Dimanche Ouest France (Côtes-d'Armor)
« Le climat n’est pas un outil qu’on peut réparer »
L’entretien du dimanche. Gérard Daboudet est le maire de la commune nouvelle Le Mené. Depuis 2005, cette cité investit massivement en matière d’énergie renouvelable et de développement durable.
Gérad Daboudet, maire de la commune nouvelle du Mené.
Depuis 2005, votre commune a massivement investi dans les énergies renouvelables et durables. Qu’avez-vous mis en place ?
Plusieurs choses : une unité de méthanisation de 15 GW réalisée avec le soutien de la commune, mais portée par un collectif d’agriculteurs ; une huilerie de colza ; deux parcs éoliens (dont un participatif) de 9,6 MW ; cinq chaufferies bois qui desservent 80 foyers, ainsi que des équipements communaux ( Ehpad, salle des fêtes, mairie…) et commerces (pharmacie, hôtel, banque…)
On a aussi effectué deux programmes de quinze maisons solaires thermiques et acheté 35 vélos électriques, dont la location est gérée par des artisans des communes déléguées. Ça fonctionne très bien ! Le Mené est également à l’origine du Tepos, né en 2011. Ce réseau se réunit chaque année et fait du partage d’expérience. Il regroupe 150 communes intéressées par l’énergie.
Vous pensiez atteindre votre autonomie énergétique en 2025, vous n’y serez pas. Pourquoi ?
En 2005, l’objectif avait en effet été fixé à 2025. Il est désormais reporté à 2030, faute de finances suffisantes. Nous ne voulons pas mettre la collectivité en danger. Actuellement, grâce à l’éolien, au solaire et à la méthanisation, nous produisons 60 % de l’énergie que l’on consomme.

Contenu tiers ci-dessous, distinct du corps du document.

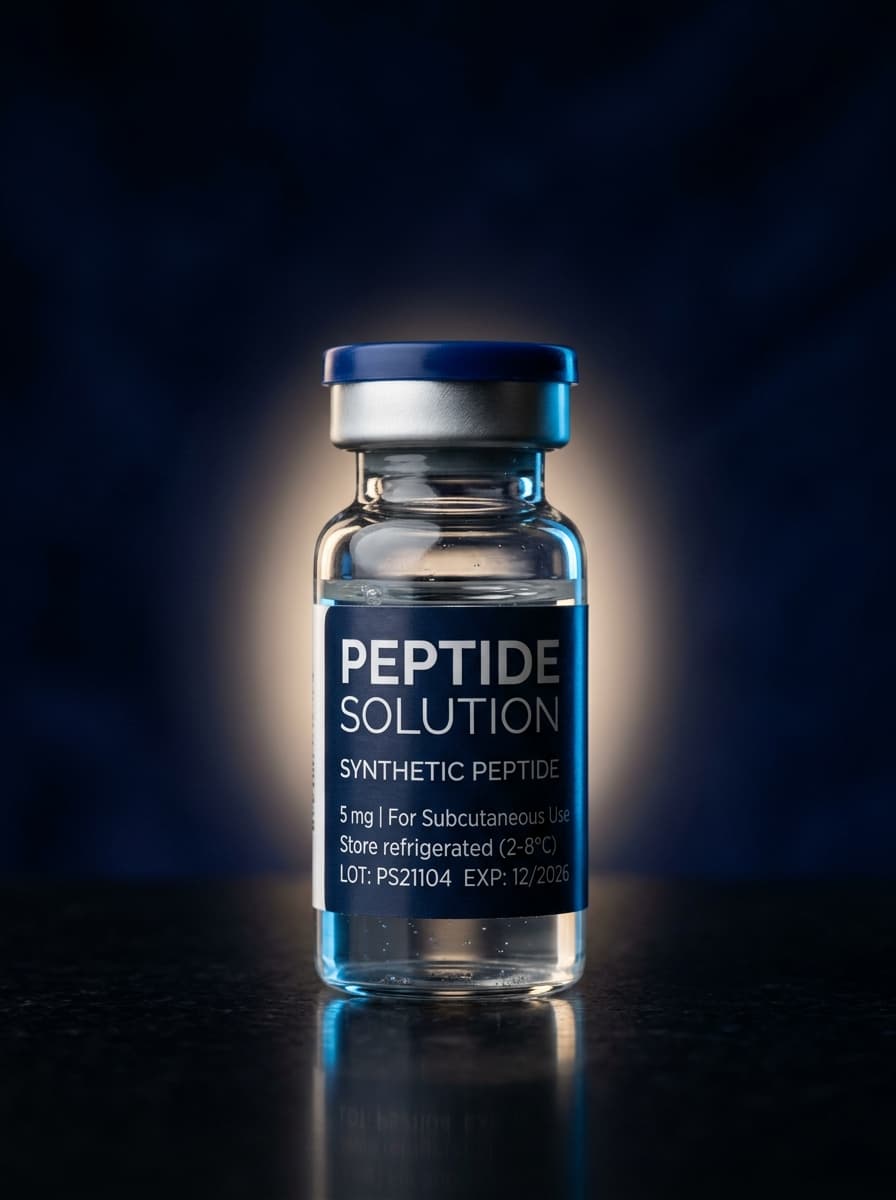 Peptide vial with halo of light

Comment poursuivez-vous votre
objectif d’autonomie énergétique ? On procède à l’isolation des bâtiments. Treize logements ont été rénovés, ça peut paraître peu, mais cela correspond à 10 % de notre parc, et c’est tout de suite 400 000 € de travaux. Par ailleurs, deux parcs éoliens sont en projet à Saint- Gilles- du- Mené, Laurenan, Plessala et Mérillac. On continue aussi à développer le photovoltaïque. Des panneaux devraient être installés sur le toit du futur Ehpad (établissement d’hébergement pour personnes âgées dépendantes) et sur quelques toitures de maison individuelles. Enfin, une ombrière, réalisée par le syndicat départemental d’électricité à Saint- Jacut- du-Mené et un parc solaire, dans l’ancienne décharge de presque 4 ha, sortiront de terre.
La hausse du coût des matériaux et de la guerre en Ukraine a-t-elle un impact sur vos projets ?
Oui. Le projet de restructuration de l’Ehpad de Plessala est en train de prendre l’eau aujourd’hui. Nous prévoyions d’en faire un bâtiment quasiment passif, grâce à l’utilisation de matériaux biosourcés. Mais le coût des travaux est passé de 6 à 9 millions d’euros et l’Agence régionale de santé (ARS) et le Département n’ont pas augmenté leur dotation…
Vous avez aussi investi dans des moyens humains…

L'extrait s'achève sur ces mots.